Ancestry Bias
Thomas Leth-Olsen
Family Walk
My daughter gifted me an Ancestry DNA Kit after my husband’s
results solidified my in-laws’ insistence they were of almost pure Irish
decent. My tube of saliva connected our children to the other 50% of their
family history. It confirmed I was a bloody boring European mutt. My ancestry disappointment
was greater than my children’s whom I had feared were bitter that I diluted
their concentrated Celtic blood.
I admit I want a worldly background. With stories of ancestors
who improved society, even in a small way: an artist, scientist, grass roots
organizer, unsung underground railroad cooperative. And why is my lineage so blandly
achromatic?
My biases against relatives I never met changed when
ancestry research specialist and librarian, Barbara Walker Capoferri, started
tracking my genealogy. She confirmed that relatives of my father owned a
florist shop. It excited me to know that I had small business owners in my
family who possibly benefited their Philadelphia neighborhood.
That wasn’t enough for me, though. I perseverated on
mistakes relatives had made that kept our family in poverty. I even questioned
Providence why my family history is riddled with early death, physical and
other challenges, and health issues which disabled those who laid the
foundations of my financial situation as a child. I couldn’t understand how my
family could be so unlucky. After being in America for generations, they hadn’t
grounded themselves enough to create a building block for generations to come
(me) to spring board off to college.
No family vacation home. No property that is handed down
with an attic of treasures for my children to look through and know that they
were used by actual people they’re related to. We have few photos, and no
jewelry.
What all this whining means is that I’m jealous of other
families who boast these things. Do they deserve them more than me?

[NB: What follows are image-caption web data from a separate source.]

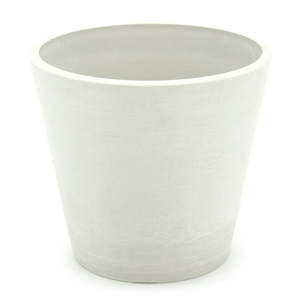 Stonefusion Squat Cone Pot Large 20Diax18Hcm - White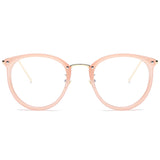 SojoS Lentes Transparentes Redondas Clasicas Mujer SJ5969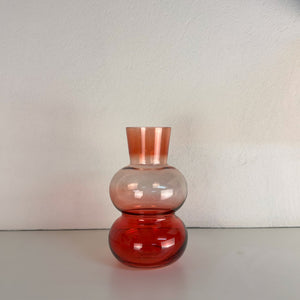 Vaso Em Vidro Colorido Rouge Ribeiro E Pavani - Pç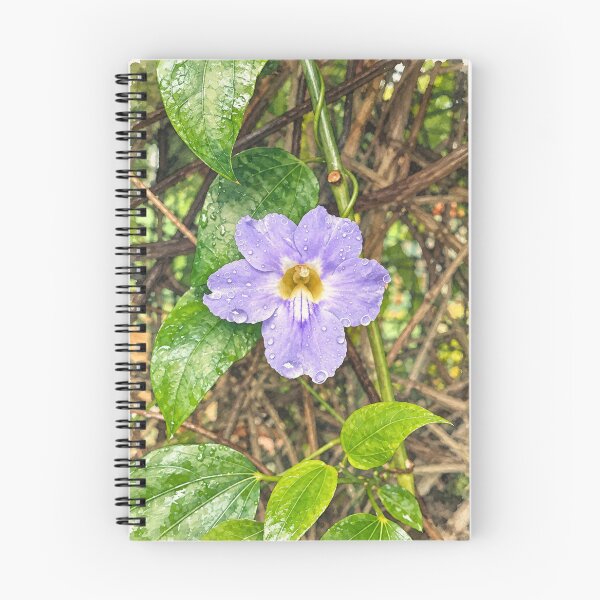 Item preview, Purple flower with raindrops designed and sold by Carol-arts-.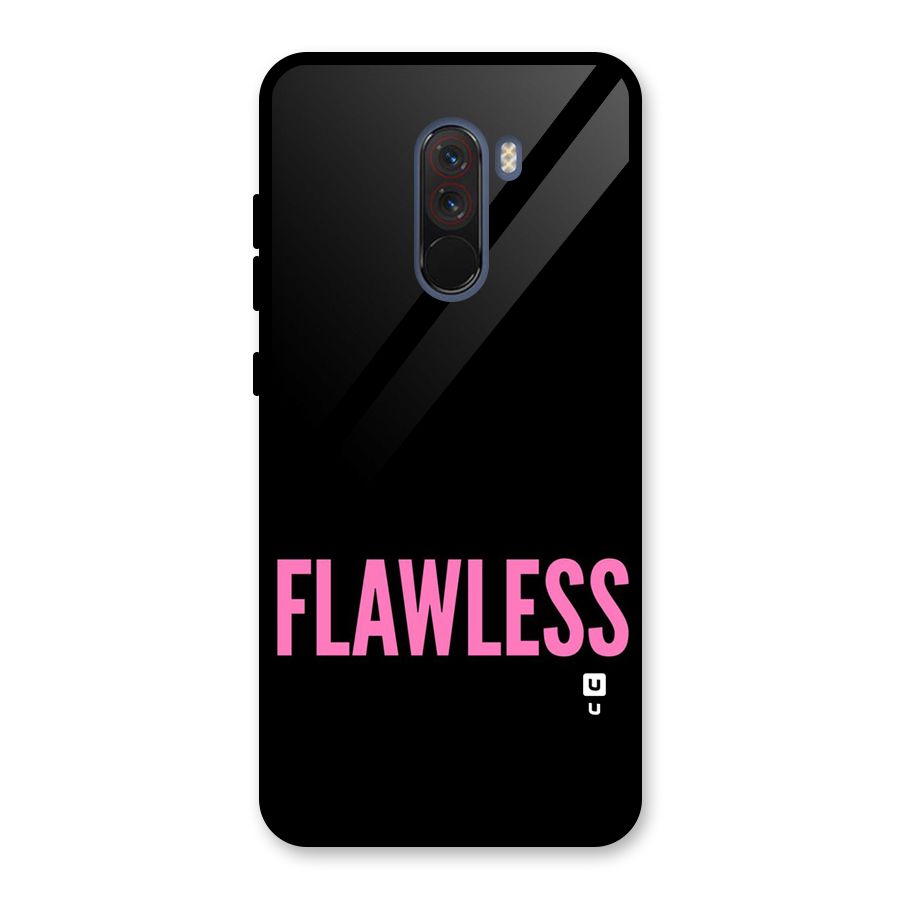 Flawless Pink Design Glass Back Case for Poco F1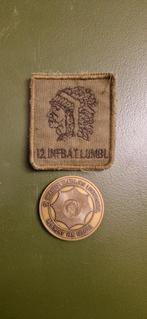 12 infbat luchtmobiele brigade, Ophalen of Verzenden, Landmacht, Nederland, Embleem of Badge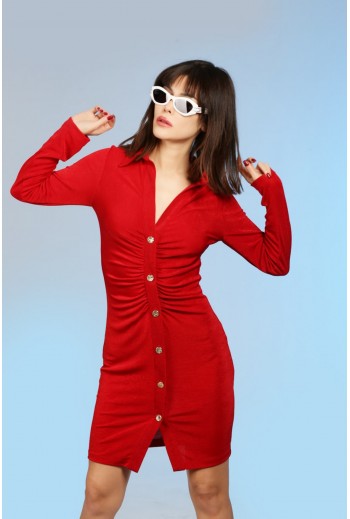 Mia Su Kırmızı Elbise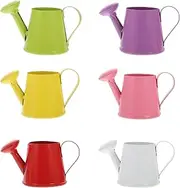 Toddmomy 6Pcs Kids Watering Can Metal Children Garden Watering Can Mini Watering Can Flower Watering Kettle for Kids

Barbara enabled me to turn around. I had thought of myself at
the end of my genealogy on tip-toes looking back. Facing forward on my blood
line, I see my responsibility to my children and grandchildren. I’m the one who
must create/do something in which they and future generations can boast, “I’m
related to Dawn Byrne.”
From my point on this line, I turn back again. My mother is
behind me. Family know her as the 28-year-old widow who raised five children
amongst poverty with dignity. As she passes on the story of her coal mining
grandfather caught in an explosion who died from black lung, or the one about
her disabled mother who learned to play the piano by ear, those people fade into
Mom’s shadow. They can’t compare to her story of childhood poverty and her amazing
self-empowered adult life. She is part of a lineage of marginalized, single
mothers who raised families by leaning on each other.
Thanks, Mom, for setting the bar high. Future family
researching us to complain about people who’ve tried their best, in their
specific situation, during their historic setting, and who may have just wanted
to survive, will find you. What will they see when they hit me?